(Information provided Opens)
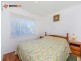 18 GERTRUDE ST, Redcliffe QLD 4020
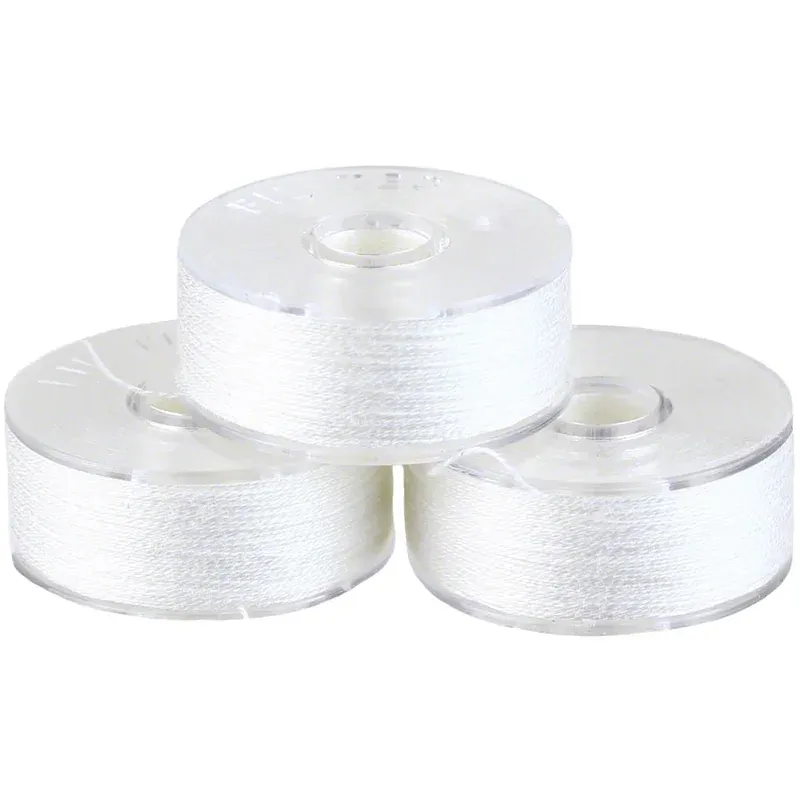 quiltandsew3304327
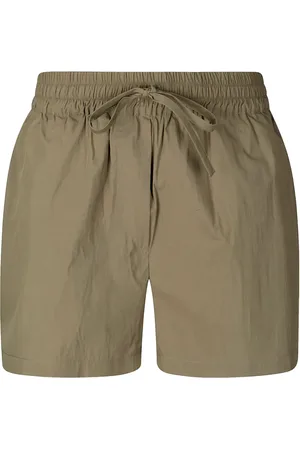 P.A.R.O.S.H. Shorts Ninja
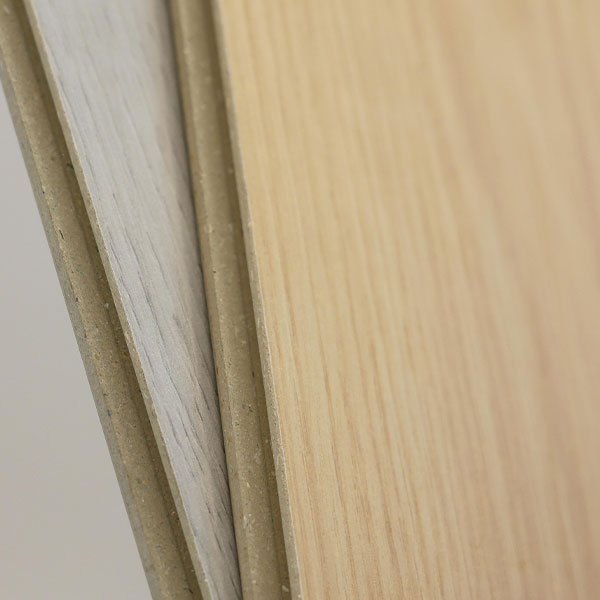What is MFB Flooring?
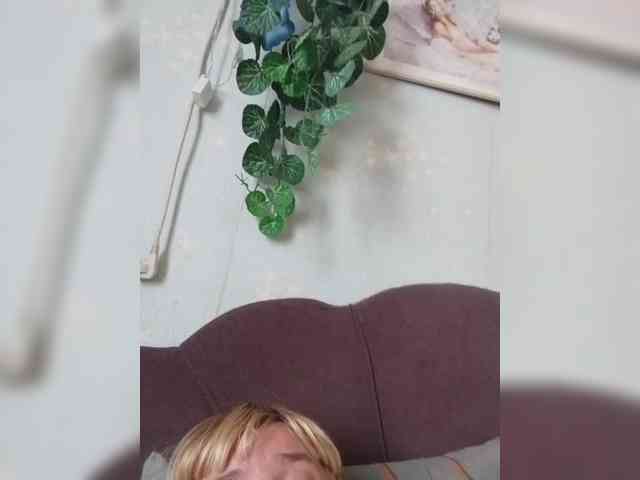 MerellinFicus webcam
(Information provided Closes)
Your instructions: What you give back must match the entries exactly, apart from the omitted pictures.

Result of this exercise:
 18 GERTRUDE ST, Redcliffe QLD 4020
 quiltandsew3304327
 P.A.R.O.S.H. Shorts Ninja
What is MFB Flooring?
 MerellinFicus webcam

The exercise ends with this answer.